Toward the end of his life, the Buddha took his disciples to a quiet pond for instruction. As they had done so many times before, the Buddha’s followers sat in a small circle around him, and waited for the teaching.

But this time the Buddha had no words. He reached into the muck and pulled up a lotus flower. And he held it silently before them, its roots dripping mud and water.

The disciples were greatly confused. Buddha quietly displayed the lotus to each of them. In turn, the disciples did their best to expound upon the meaning of the flower: what it symbolized, and how it fit into the body of Buddha’s teaching.

When at last the Buddha came to his follower Mahakasyapa, the disciple suddenly understood. He smiled and began to laugh. Buddha handed the lotus to Mahakasyapa and began to speak.

“‘What can be said I have said to you,’ smiled the Buddha, ‘and what cannot be said, I have given to Mahakashyapa.’

Mahakashyapa became Buddha’s successor from that day forward.”

I first grasped my “window nature” when I was around 16 or so. In those days it was Neil Young or Cat Stevens who held up the mirror of music that showed me me. We did not have mp3 players in the early 1970s, although I imagined such a miracle. Instead, we had our small collections of albums that we played endlessly on our portable record players or if we were more fortunate, our “sound systems,” complete with receiver, speakers and eventually a cassette recorder that enabled us to copy and play our albums in our cars.

I spent hours in my closed room listening to After the Gold Rush, Harvest, Tea for the Tillerman and Teaser and the Firecat. The music would flow into my spirit and I would feel it shimmer and shake and then become peaceful and quiet and some words would line up like parachutists ready to leap from a high plane and all I had to do was put my pen to paper and they would tumble out.

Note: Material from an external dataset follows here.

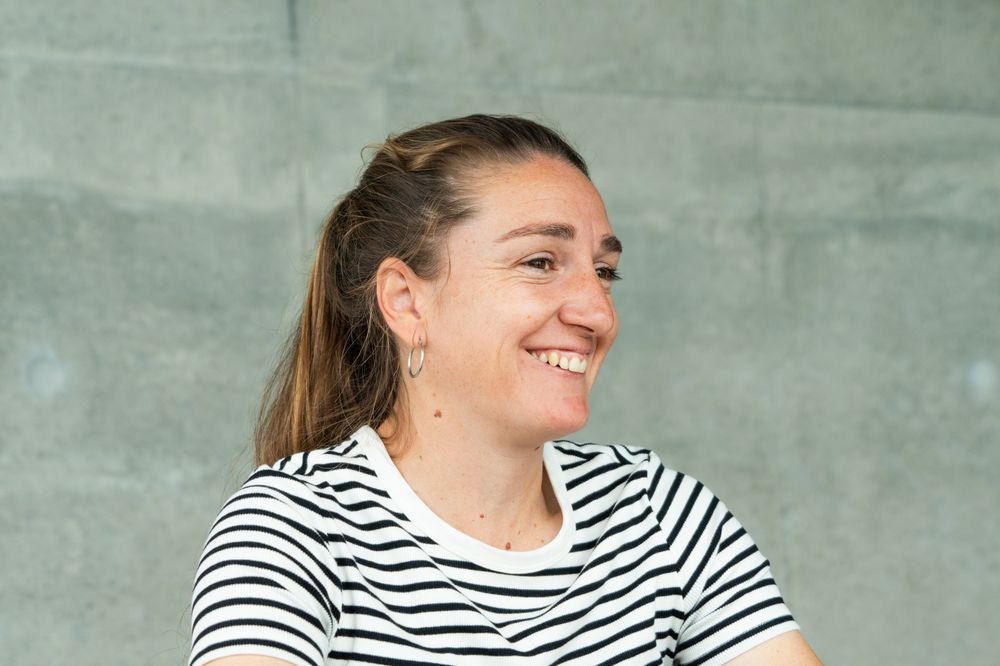 Sofía Oxandabarat, mejor jugadora del Campeonato Uruguayo de Fútbol Femenino según la encuesta Fútbol x100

I just watched. I was a window through which the words passed. I had no clue where they came from but it got me high. Better than any drug.

Even then, I struggled with improving on silence. How could something be better than nothing? Once we gain a spiritual understanding, don’t we ruin it the minute we try to describe it? The best we can accomplish with words is to imperfectly fashion a sign that points to something too amazing for words.

The reason I fell in love with Zen Buddhism at that time was its recognition of the vacancy of language. It is necessary to fill up the space between us. But even if our words speak the truth, they aren’t the same as experiencing truth in our being like warm blood surging through the rivers of our veins. Talking about sex or sugar is the not the same as tasting them.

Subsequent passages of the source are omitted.